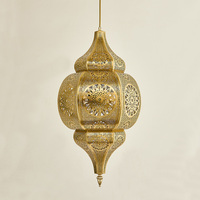 Lustre en fer de taille moyenne de style marocain moderne adapté aux lustres de mosquée et d'église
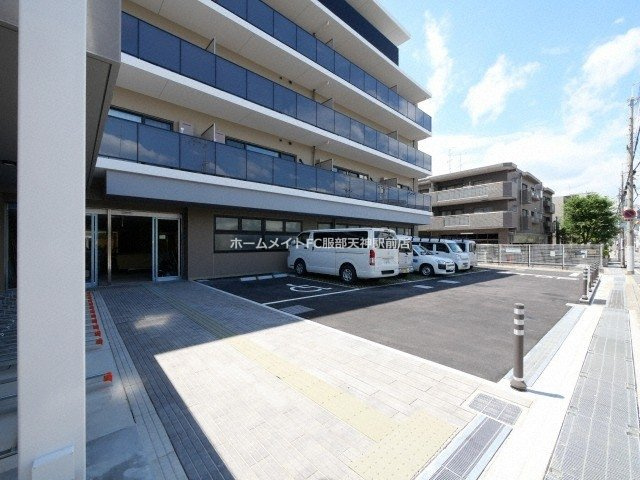 トリニティ豊中本町の駐車場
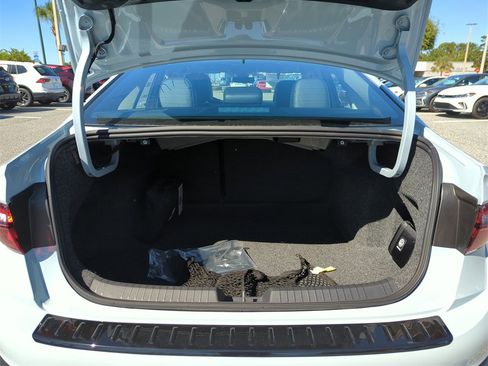 New 2026 Volkswagen Jetta SE image 15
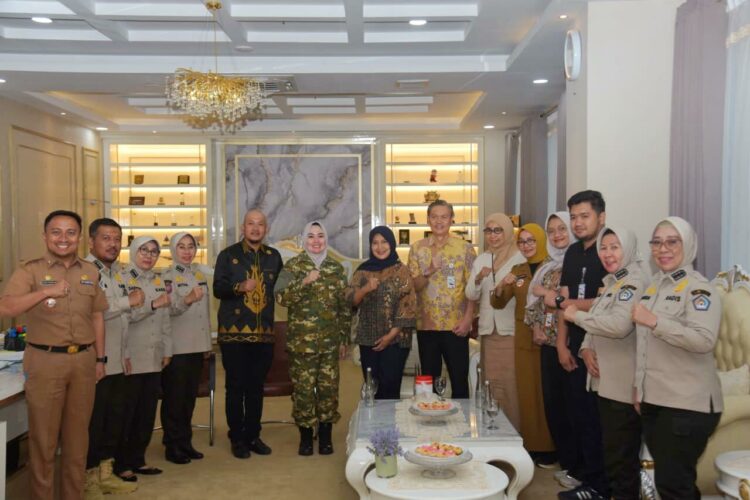 KLHK saat berkunjung dan diterima langsung oleh Wali Kota Kendari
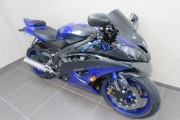 YAMAHA R6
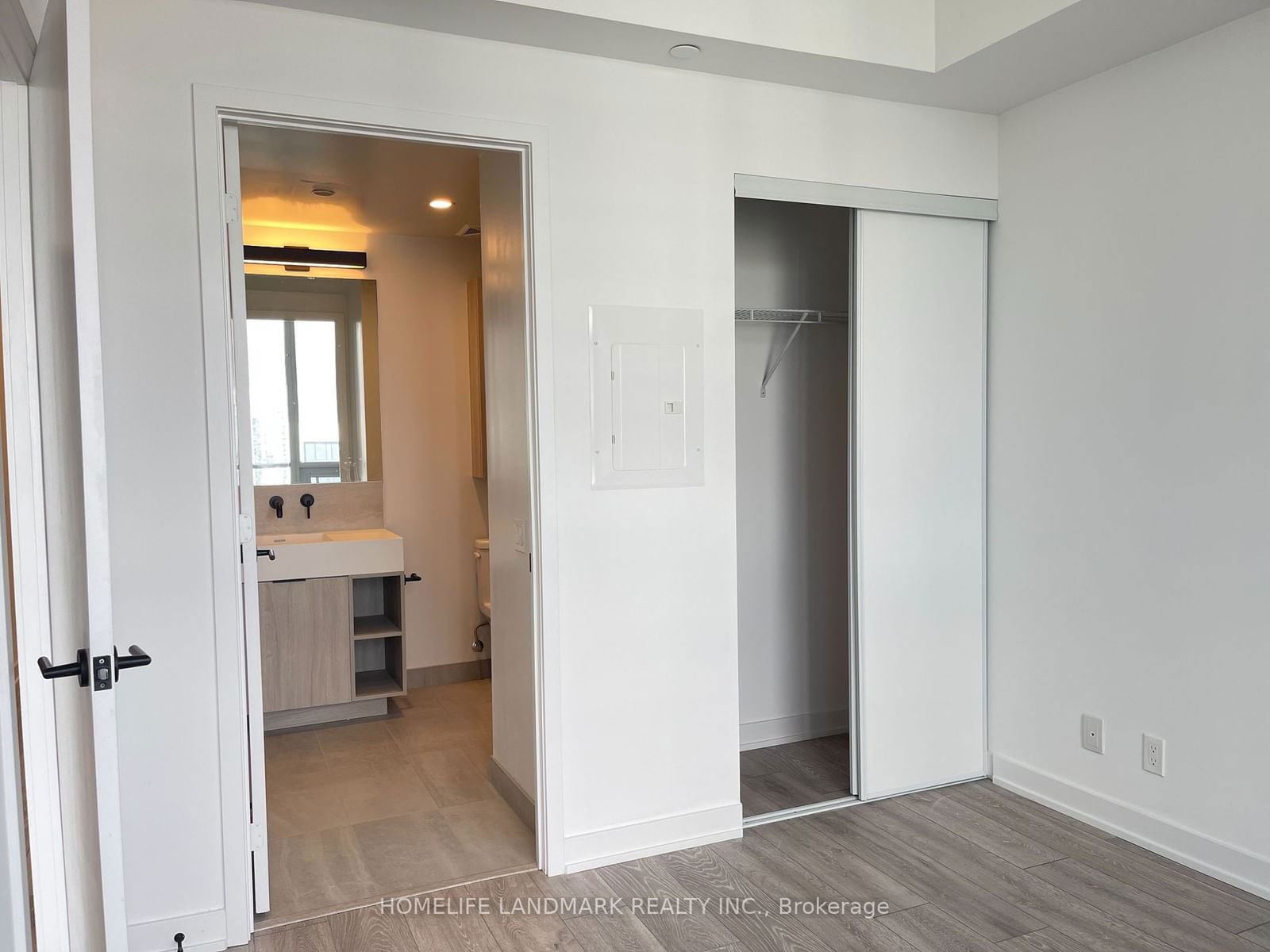 108 Peter St, unit 5203 for rent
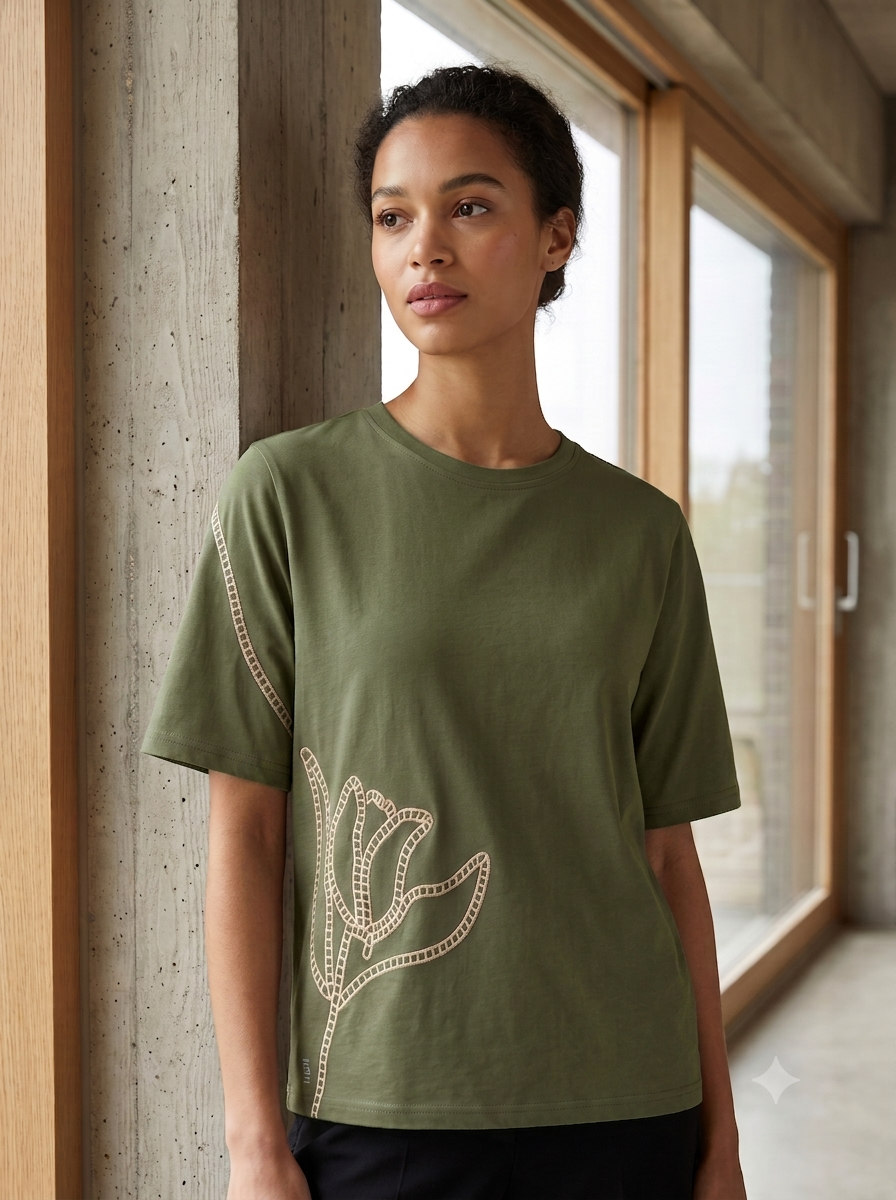 T-shirt Laura Biagiotti verde oliva con ricamo floreale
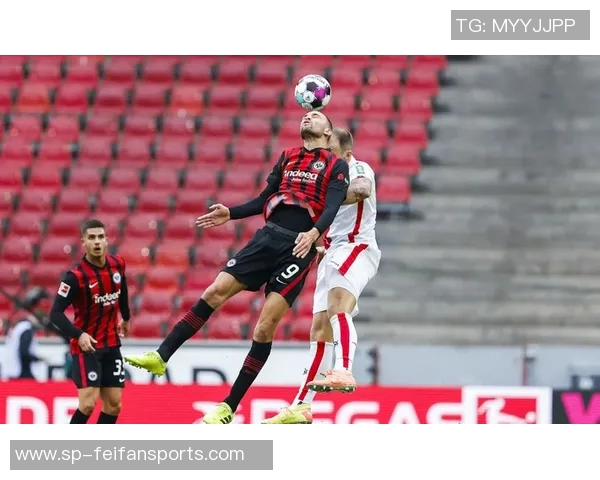 西媒:尤文、法兰克福以及斯图加特询价皇社中场苏契奇 西媒:尤文、法兰克福以及斯图加特询价皇社中场苏契奇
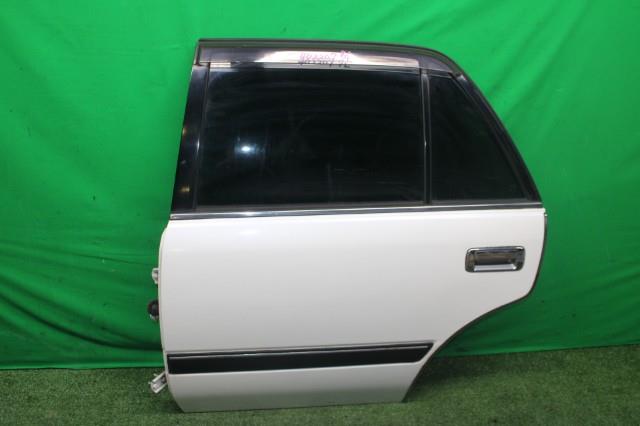【中古】中古部品 クラウン GS151H 左ﾘｱﾄﾞｱ 【3330950100-000040220713400】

→ **Problem details**
When you reach the line that contains "T-shirt Laura Biagiotti", start copying the listing word for word and stop only after its last line, without any pictures.

→ **Solution to this problem**
 T-shirt Laura Biagiotti verde oliva con ricamo floreale
 西媒:尤文、法兰克福以及斯图加特询价皇社中场苏契奇 西媒:尤文、法兰克福以及斯图加特询价皇社中场苏契奇
【中古】中古部品 クラウン GS151H 左ﾘｱﾄﾞｱ 【3330950100-000040220713400】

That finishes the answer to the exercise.